I cross the border at least twice a day. It depends, really. Some days it is four times or more because I leave my wife into work in Derry and pick her up again. Ciaran Brolly
"My concerns are really about the day-to-day things. We don't know what kind of infrastructure is going to be there. It's obvious under the rules that exist that something is going to have to be there."
Ciaran recalls well the memories of borders from his younger days. He says he "doesn't want that for his children".
"I worry about what it will bring," he adds. "The memories of what I grew up with, I don't want that for my children.
"We weren't too far from the bomb at Coshquin when it went off, we lived just up the road. We heard it and that was traumatic.
"Those obstacles were taken away and when you take them away you take away targets for people with radical ideas.
"You put them back and you're giving them things which are not there at the moment. A lot of innocent people got caught up in the Troubles.
"You put an installation on that road and that potentially becomes a target. There is the potential for a lot more innocent people to die. And there has been enough innocents killed."
Ciaran says he is genuinely concerned for what the future holds. "Barriers were removed and life became seamless," he explains. "And then, all of a sudden, we have people wanting to put obstacles back in. That is not good. This was not well thought through.
"It was based on a political stunt based on a promise that was made with no substance or background. The problem is that it is people in these regions who will suffer as a consequence."
Jim Guthrie is no stranger to the border.
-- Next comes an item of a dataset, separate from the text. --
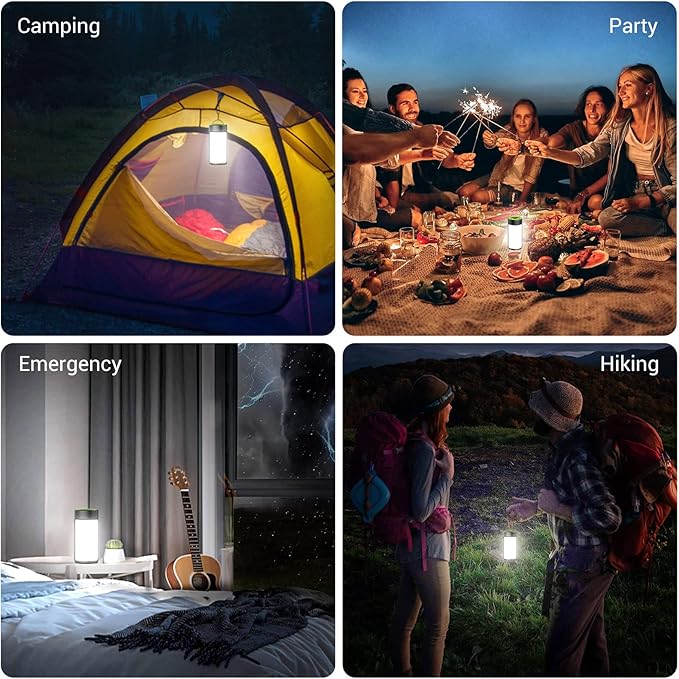 LED Camping Lantern, CT CAPETRONIX Rechargeable Camping Lights with 400LM 5 Light Modes, Water-Resistant Lanterns for Power Outage Hurricane Emergency Camping (2 Pack, Black & Green)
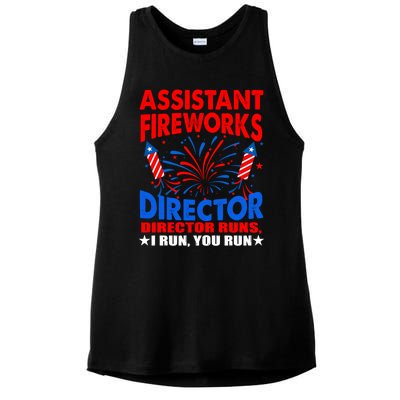 July 4th Usa Independence Day Assistant Fireworks Director Gift Ladies PosiCharge Tri-Blend Wicking Tank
As a lorry driver, the Ballyclare-based man crosses the border alongside his colleagues several times a week.
He hopes that simple customs clearance checks will be all he has to contend with in the future.
"Myself and the lorry drivers I work with cross the border every day, sometimes twice a day," he says. "The only problem I can see is if they put a really hard border in and stop everything, but I think things will just carry on as normal."
Donegal's Bridgend is at the epicentre of the Brexit earthquake.
Here, as the cars and lorries continue to pass by, the fear among people is that, like many border areas, they could face total economic decimation should barriers to free movement, divisive walls and symbols of a past they would rather forget be built again.